Street car or racer? both actually.

Ferrari F35 Image

During the 1990s the Ferrari F355 became, at the time, the best selling Ferrari ever. It was easy to see why.

Anyone who parked an F355 for any length of time can expect to come back to find a crowd of admirers gazing hungrily at it! This car has sex appeal writ large. It is obviously a racing car, which had been adapted for street use, and adapted very well indeed. A rich man's plaything in fact.

It had been developed from the earlier 348, which was a mid-to-rear engined two seater with a 3.4 litre V8 engine pushing out nearly 300 horsepower. It was very popular because of it's looks, power and Ferrari design, selling just under 9000 units during a six year production run between 1986 and 1995. This beast had two drawbacks however. Even though steering was light and precise at speed it was not terribly comfortable to drive in slow traffic. It also had a tendency to oversteer when pushed to it's limit. The 355 was designed to eliminate these issues.

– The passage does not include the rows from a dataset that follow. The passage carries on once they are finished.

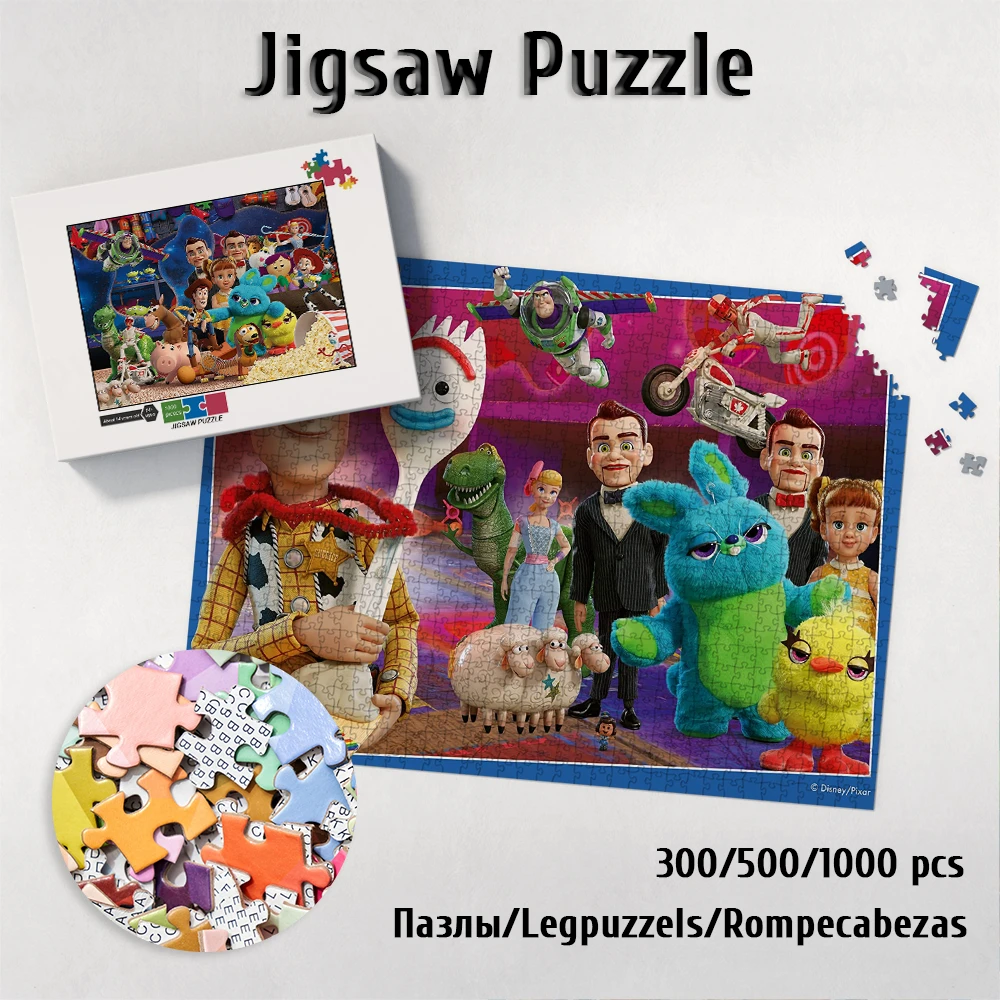 Disney Pixar Large Adult Jigsaw Classical Movie Cartoon Games and Puzzles Toy Story Learning Education Toys for Kids Adults Gift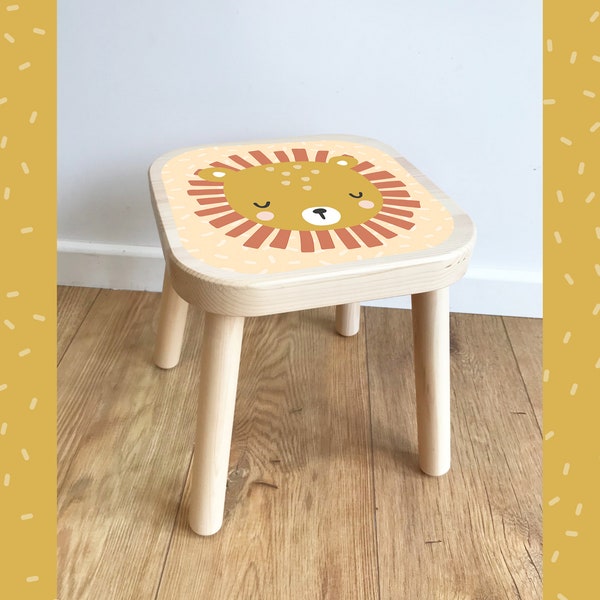 LION STICKER for Ikea FLISAT Children's Stool (Sticker only) - Stickers, Furniture sticker, Lion stickers, Playroom,  nursery, Ikea stool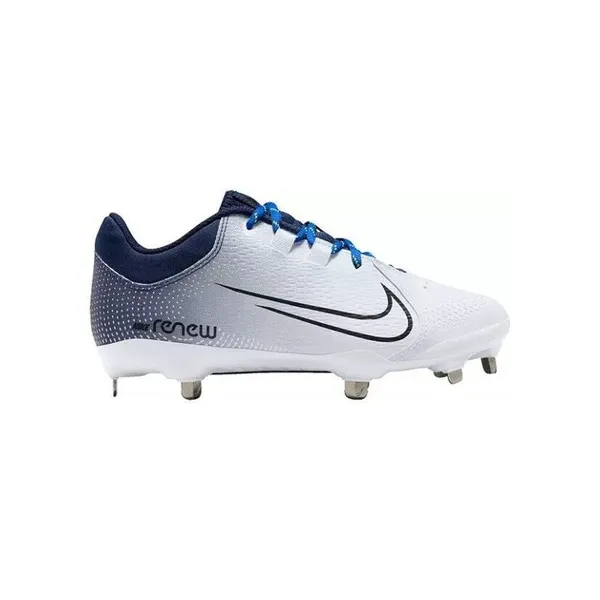 Nike Hyperdiamond 4 Pro Cleats Women’ 8 White Blue Metal Fastpitch Softball NWT - Image 9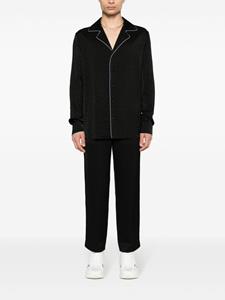 Balmain Satijnen broek - Zwart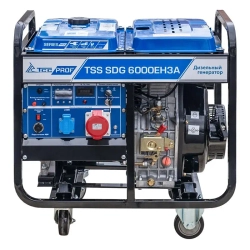 ТСС SDG 6000EH3A дизель генератор с блоком АВР ТСС С 9000/400 077016/190048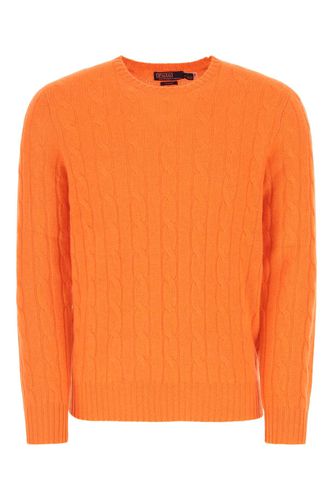 Orange Cashmere Sweater - Polo Ralph Lauren - Modalova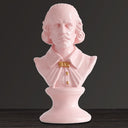 Mozart bust, Pink 1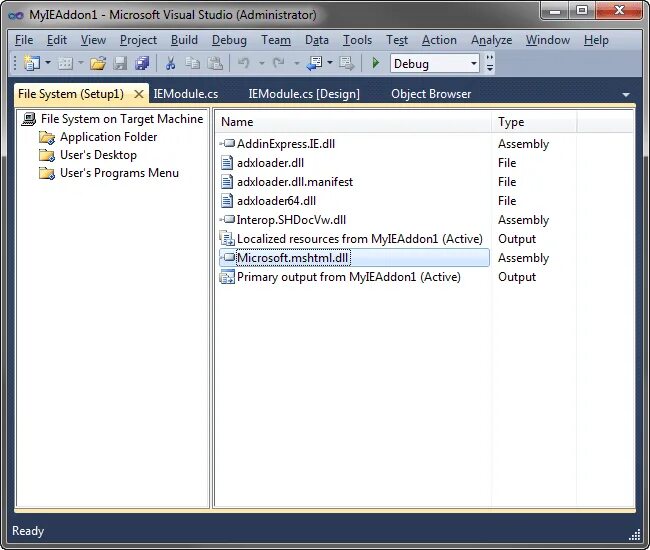 Visual Studio администратор. Primary Interop Assemblies. Процесс MSHTML. Linker settings Visual Studio. Project dll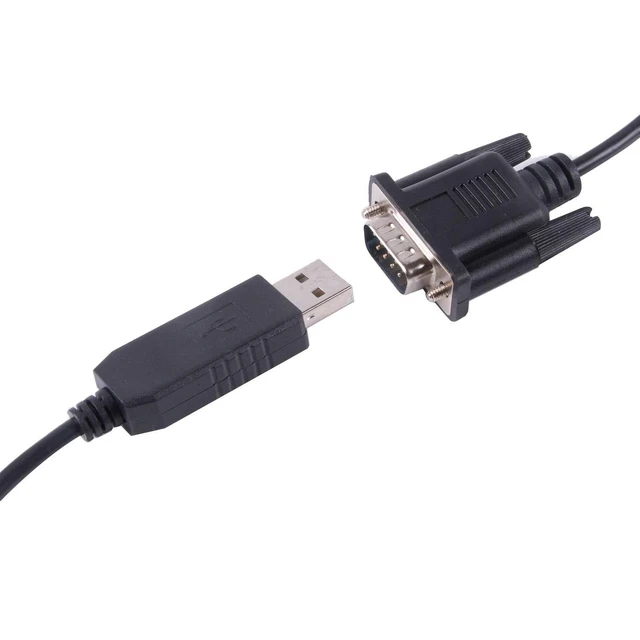 Alt view image 10 of 10 - Usangreen USB to DB9 D-Sub Male Com Port FT232RL RS232 Serial Converter Adapter Communication Upgrade Cable (Standard DB9 Pinout: 2-RXD ...)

Power output was to be increased to not only provide more speed and higher acceleration but also to make it more docile for town use. This was achieved partly by increasing displacement slightly from 3.4 litre to 3.5 litre but what really made a difference was the multivalve cylinder head. Instead of a single valve per cylinder to draw the fuel in, and another to expel the exhaust gases, this engine had three inlet valves and two exhaust valves per cylinder, which the Ferrari engineers had found to give the best balance to provide maximum power output and the potential for higher revolutions per minute. This engine was given a thorough testing at the company's own Maranello test track where, pitted against a standard 348, it completed the course seven seconds ahead of it's rival.

Styling was influenced by windtunnel tests, of which over 1300 hours were logged. It was found that a small spoiler on the rear tail helped to give better airflow and an underbody tray generated extra downforce to help the car stay on the road at high speed. A lighter clutch than normal was fitted with a smoother five-speed gearbox; there was even the option of a racing style finger operated shift situated behind the steering wheel, which was typical of their Formula One racing cars; as were the titanium alloy conrods, which up until then had been the exclusive preserve of pure racing cars.

Even the best designed cars cannot be guaranteed to be free of faults however. A recall was necessary in 2009 of 2400 cars in the United States when it was found that a screw clamp to a fuel supply line had been incorrectly placed; this could cause wear on the fuel line allowing for a possible leakage of fuel close to the engine, and this did in fact cause at least one fire. However despite this very few minor modifications were necessary throughout the rest of the production run. A total of more than 11,200 cars were sold during the five-year period; a Ferrari record at the time.